### What is expected
Find the line that contains "Broomknowe, Cumbernauld, G68 9AQ, photo 2" in the records below, then repeat exactly that line and each one after it, leaving pictures out.

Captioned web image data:
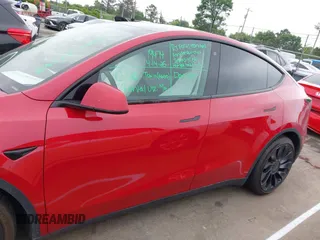 2022 Tesla Model Y Performance z VIN 7SAYGDEF6NF511436, wystawiony jako IAAI lot #42078122 z przebiegiem 44 006 mil mil oraz . Historia ofert i sprzedaży dostępna na DreamBid. Obrazek 14.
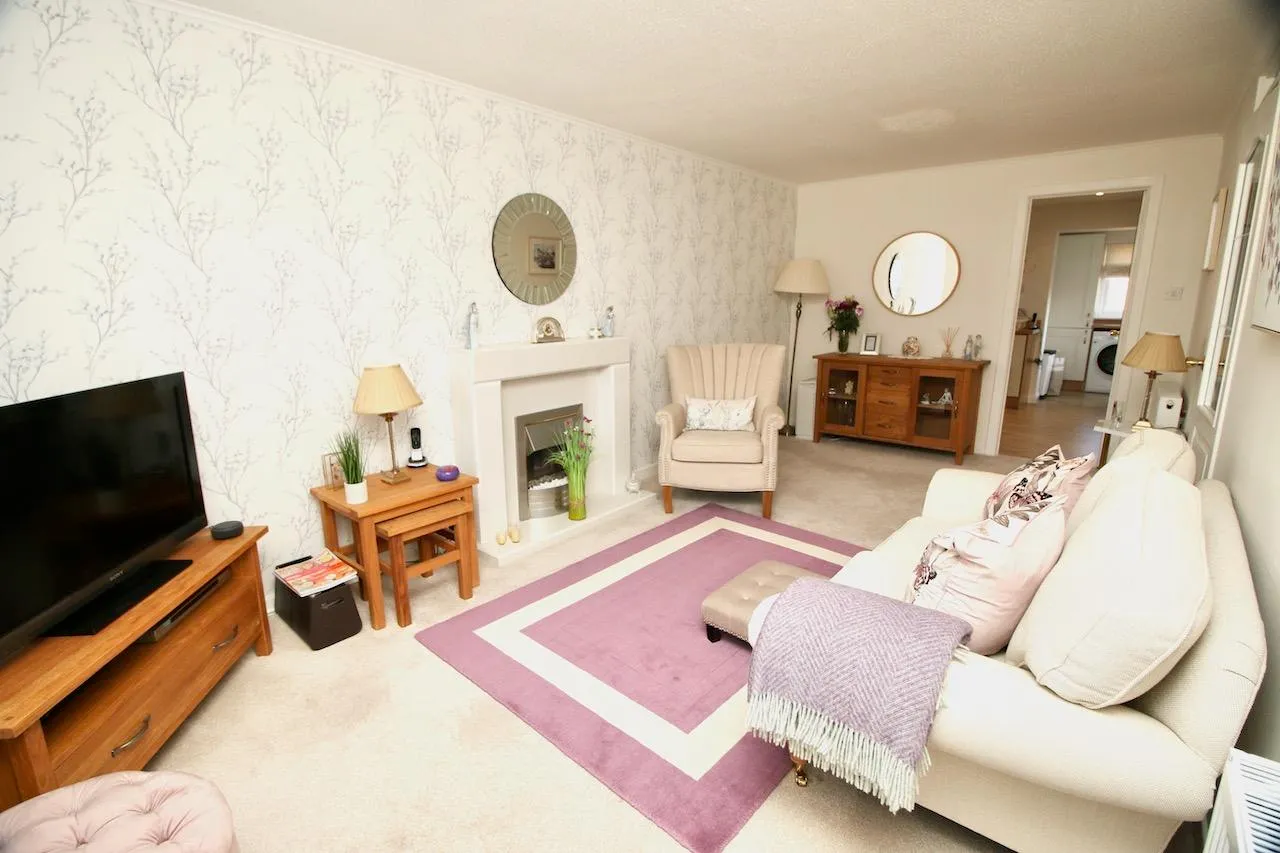 Broomknowe, Cumbernauld, G68 9AQ, photo 2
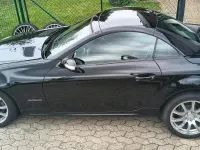 Second-hand Mercedes SLK200 163 CP (119 kW) 2006 Negru Cabrio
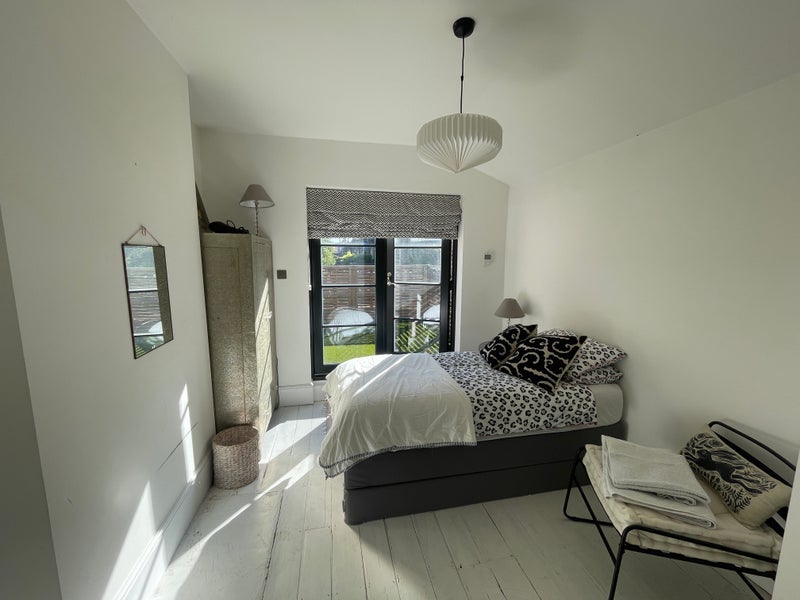 Room Macfarlane Road in Greater London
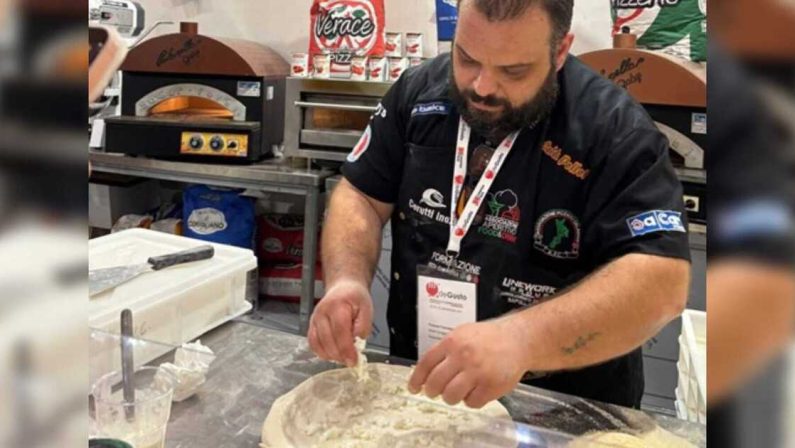 Il pizzaiolo vibonese Francesco Fortuna scommette sul talento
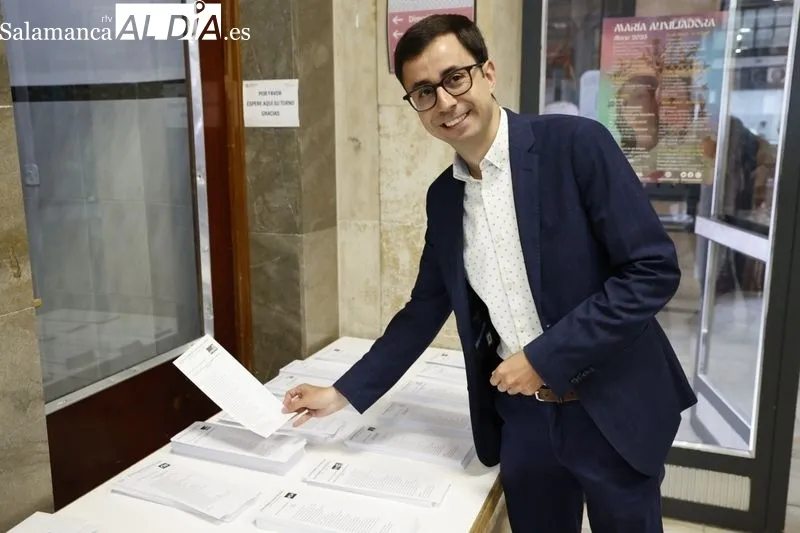 José Luis Mateos, candidato del PSOE a la Alcaldía, durante su votación. FOTOS: DAVID SAÑUDO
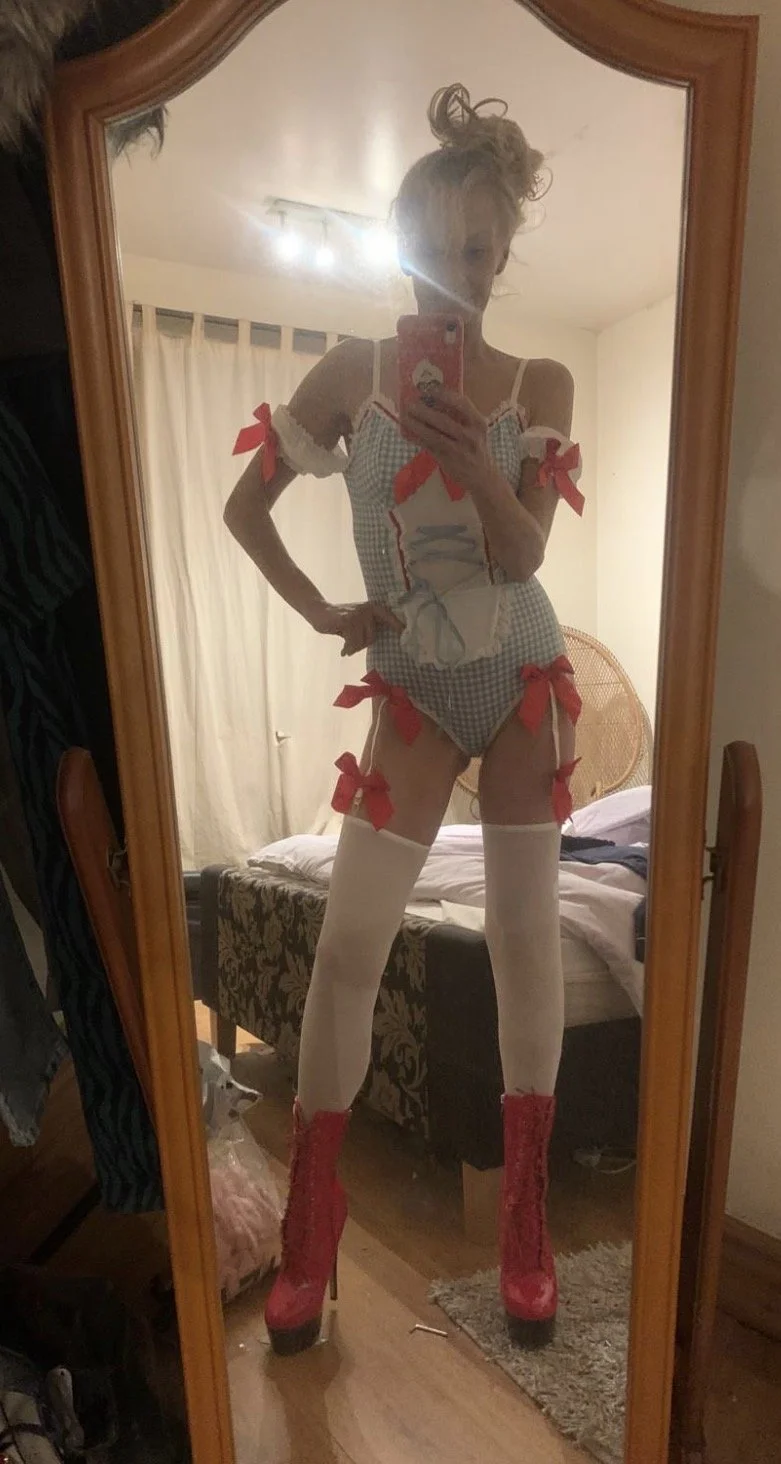 MILF in lingerie image 4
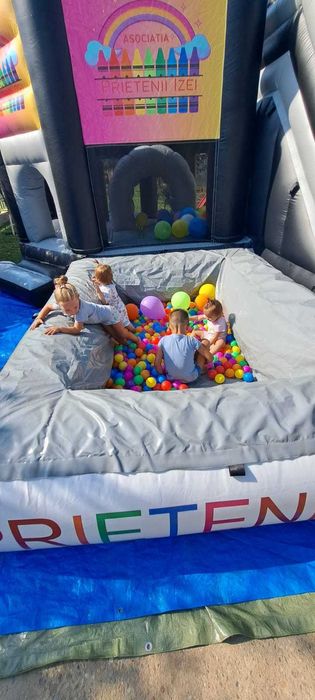 Castel gonflabil cu tobogan si piscina cu bile pentru cei mici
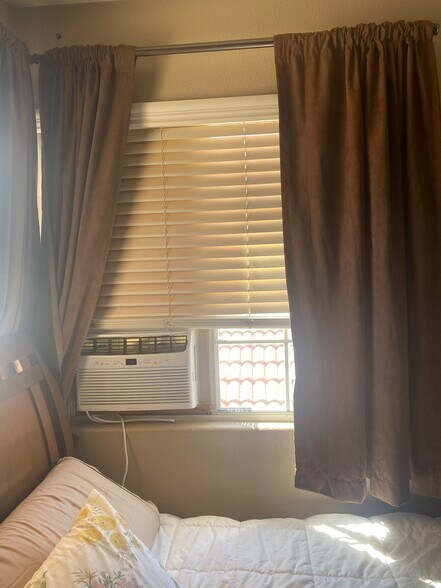 Air Unit in Bedroom - 1317 Olvera way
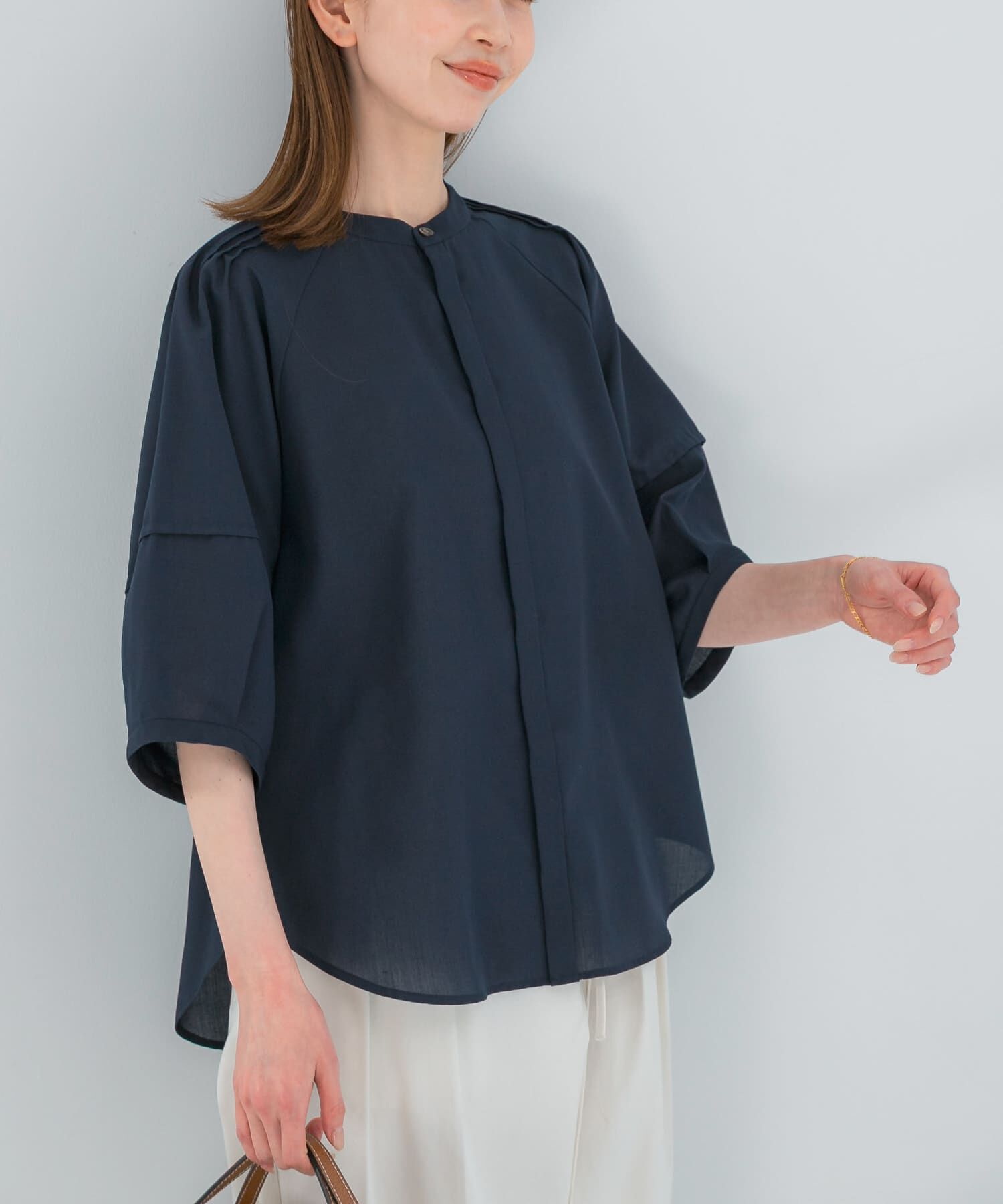URBAN RESEARCH ROSSO「『WEB/一部店舗限定』UVカットウォッシャブルリネン混シャツブラウス」|シャツ・ブラウス|ネイビー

### Exercise answer
 Broomknowe, Cumbernauld, G68 9AQ, photo 2
 Second-hand Mercedes SLK200 163 CP (119 kW) 2006 Negru Cabrio
 Room Macfarlane Road in Greater London
 Il pizzaiolo vibonese Francesco Fortuna scommette sul talento
 José Luis Mateos, candidato del PSOE a la Alcaldía, durante su votación. FOTOS: DAVID SAÑUDO
 MILF in lingerie image 4
 Castel gonflabil cu tobogan si piscina cu bile pentru cei mici
 Air Unit in Bedroom - 1317 Olvera way
URBAN RESEARCH ROSSO「『WEB/一部店舗限定』UVカットウォッシャブルリネン混シャツブラウス」|シャツ・ブラウス|ネイビー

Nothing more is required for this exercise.